Daendels Mengupah Pekerja Proyek Jalan Anyer-Panarukan, Benarkah?

 

Sejarah Jalan Anyer Panarukan Daendels

Siapa yang tidak kenal dengan Herman Willem Daendels? Ya, dia adalah Gubernur Jenderal Hindia Belanda (sekarang Indonesia) yang berkuasa dari tahun 1808 hingga 1811. Daendels sebenarnya berkuasa di Indonesia tidak atas nama Belanda, melainkan Prancis karena pada saat itu Belanda sedang dikuasai oleh Prancis dengan rajanya Louis Bonaparte, adik kandung Napoleon Bonaparte.


Daendels ditugaskan oleh Louis untuk mempertahankan tanah Nusantara dari serangan Inggris pada waktu itu. Penugasan inilah yang memotivasi Daendels untuk memulai proyek pembangunan jalan pos yang membentang antara Anyer hingga Panarukan. Daendels memerlukan jalan ini untuk memenuhi tujuan politik dan ekonominya.


Ketika mendengar nama Daendels, mayoritas masyarakat Indonesia pasti mengasosiasikannya sebagai seorang diktator kejam yang mempekerjakan secara paksa rakyat Indonesia untuk membangun jalan trans-Jawa yang memiliki panjang mencapai seribu kilometer. Namun tahukah kalian jika Daendels ternyata mengupah para pekerja jalan tersebut?


Dilansir dari Detik.com, sejarawan dari Lembaga Ilmu Pengetahuan Indonesia (LIPI) Asvi Warman Adam mengonfirmasi hal tersebut. Dia mengatakan perihal pembangunan jalan pos ini sudah diteliti oleh sejarawan Djoko Marihandono.


"Ya, benar itu. Daendels dikirim ke Jawa oleh pemerintah Prancis yang sedang menduduki Belanda. Apa yang dilakukan Daendels tentu dilaporkan dan tercatat dalam arsip Prancis. Itu yang diteliti Djoko Marihandono (kini Prof) untuk disertasi doktornya," kata Asvi saat dihubungi tim Detik, Senin (8/2/2021).

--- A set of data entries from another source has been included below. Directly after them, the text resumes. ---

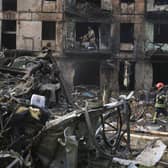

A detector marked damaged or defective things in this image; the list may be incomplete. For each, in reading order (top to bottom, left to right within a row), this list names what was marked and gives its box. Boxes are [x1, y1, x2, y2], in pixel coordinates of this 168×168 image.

burned facade [0, 0, 167, 96]
fire damage [0, 49, 167, 167]
damaged apartment building [0, 0, 168, 97]
broken window [75, 22, 99, 49]
broken window [74, 61, 100, 85]
broken window [118, 61, 135, 90]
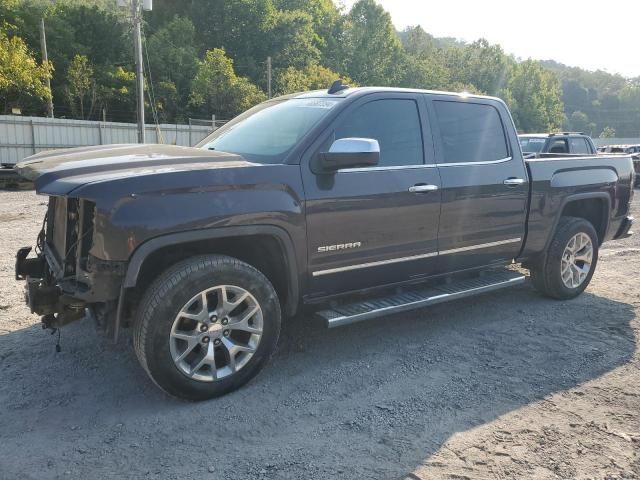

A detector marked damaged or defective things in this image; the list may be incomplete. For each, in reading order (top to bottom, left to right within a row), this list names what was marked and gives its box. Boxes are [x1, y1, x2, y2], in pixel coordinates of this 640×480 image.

damaged front end [15, 197, 126, 336]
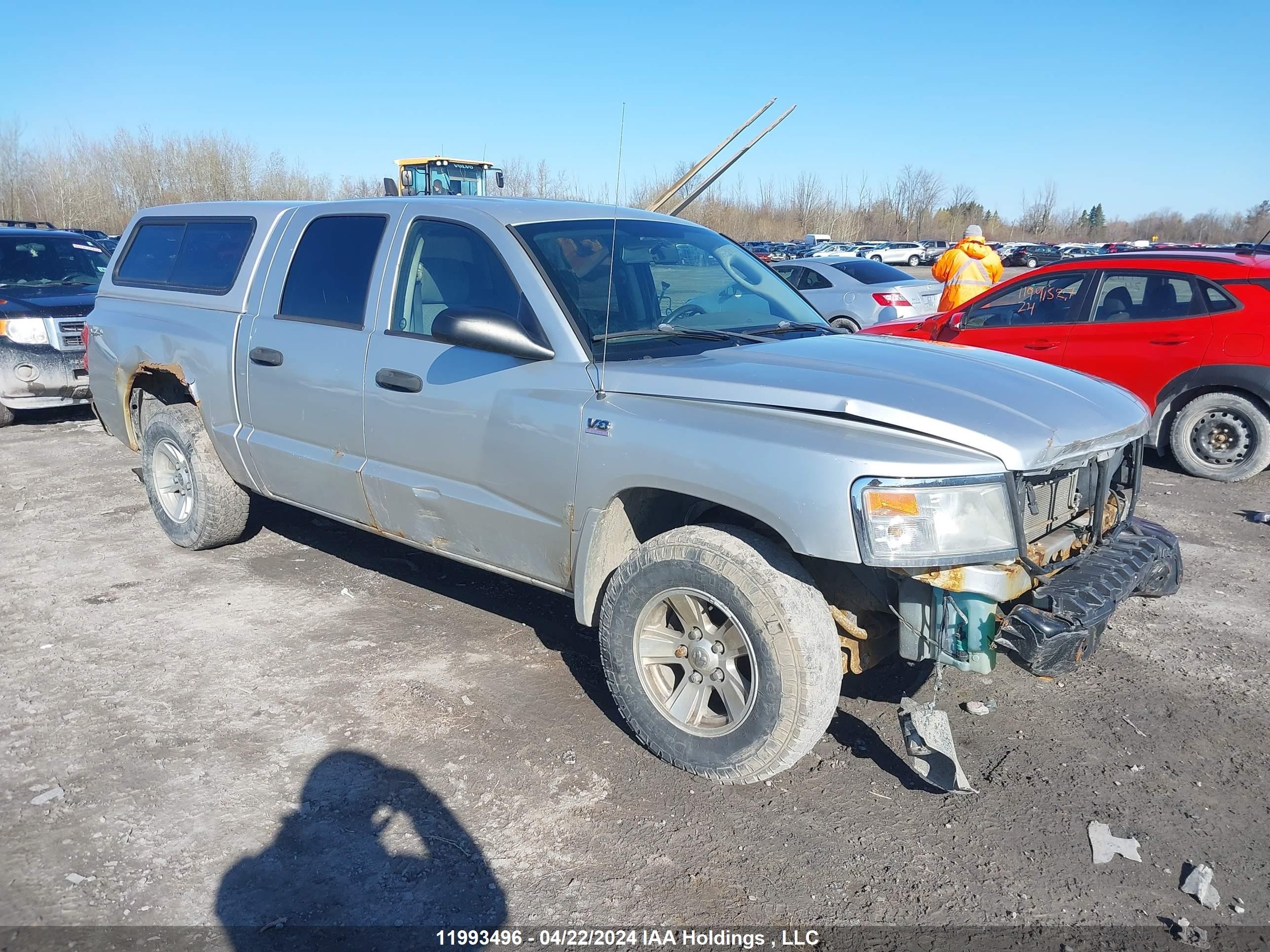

Melansir tulisan Rudy W. di laman Kompasiana.com, sejarawan Djoko Marihandono dalam penelitiannya menemukan bahwa Daendels menyiapkan setidaknya 30.000 ringgit (1 ringgit atau rijksdaalder = 2,40 gulden) dalam proyek tersebut. Anggaran tersebut tidak termasuk uang kertas kredit yang digunakan oleh Daendels.


Lebih lanjut, sejarawan Peter Carey juga membenarkan pernyataan tersebut. Dia mengatakan bahwa Daendels memang menyiapkan anggaran dana untuk proyek pembangunan tersebut.


"Setahu saya memang ada anggaran yang tersedia dari pemerintah kolonial tapi yang bertanggung jawab adalah bupati dan petinggi pribumi lokal setempat untuk mengurus." kata Peter Carey kepada tim Detik, Senin (8/2/2021).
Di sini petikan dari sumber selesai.